In Perl there is an LWP module:
The libwww-perl collection is a set of Perl modules which provides a simple and consistent application programming interface (API) to the World-Wide Web. The main focus of the library is to provide classes and functions that allow you to write WWW clients. The library also contain modules that are of more general use and even classes that help you implement simple HTTP servers.

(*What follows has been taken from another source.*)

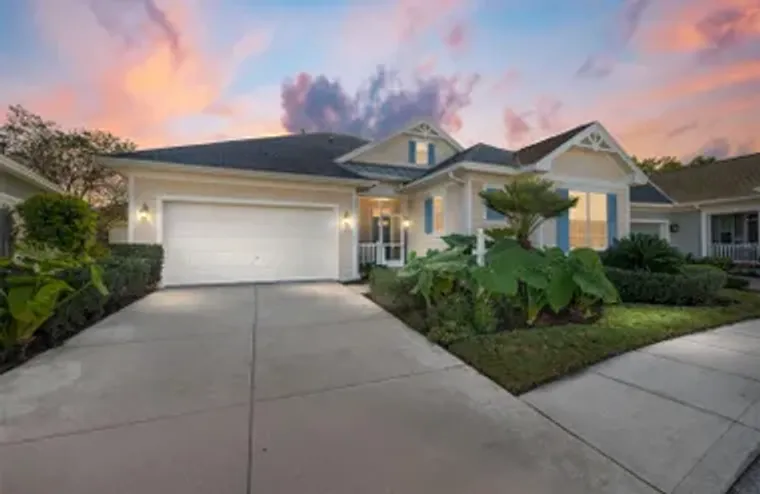 959 FISH CAMP RD, THE VILLAGES, FL, 3216..., The Villages, FL 32162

Is there a similar module (gem) for Ruby?
Update
Here is an example of a function I have made that extracts URL’s from a specific website.
use LWP::UserAgent;
use HTML::TreeBuilder 3;
use HTML::TokeParser;
sub get_gallery_urls {
my $url = shift;
my $ua = LWP::UserAgent->new;
$ua->agent("$0/0.1 " . $ua->agent);
$ua->agent("Mozilla/8.0");
my $req = new HTTP::Request 'GET' => "$url";
$req->header('Accept' => 'text/html');
# send request
$response_u = $ua->request($req);
die "Error: ", $response_u->status_line unless $response_u->is_success;
my $root = HTML::TreeBuilder->new;
$root->parse($response_u->content);
my @gu = $root->find_by_attribute("id", "thumbnails");
my %urls = ();
foreach my $g (@gu) {
my @as = $g->find_by_tag_name('a');
foreach $a (@as) {
my $u = $a->attr("href");
if ($u =~ /^\//) {
$urls{"http://example.com"."$u"} = 1;
}
}
}
return %urls;
}
The closest match is probably httpclient, which aims to be the equivalent of LWP. However, depending on what you plan to do, there may be better options. If you plan to follow links, fill out forms, etc. in order to scrape web content, you can use Mechanize which is similar to the perl module by the same name. There are also more Ruby-specific gems, such as the excellent Rest-client and HTTParty (my personal favorite). See the HTTP Clients category of Ruby Toolbox for a larger list.
Update: Here’s an example of how to find all links on a page in Mechanize (Ruby, but it would be similar in Perl):
P.S. As an ex-Perler myself, I used to worry about abandoning the excellent CPAN–would I paint myself into a corner with Ruby? Would I not be able to find an equivalent to a module I rely on? This has turned out not to be a problem at all, and in fact lately has been quite the opposite: Ruby (along with Python) tends to be the first to get client support for new platforms/web services, etc.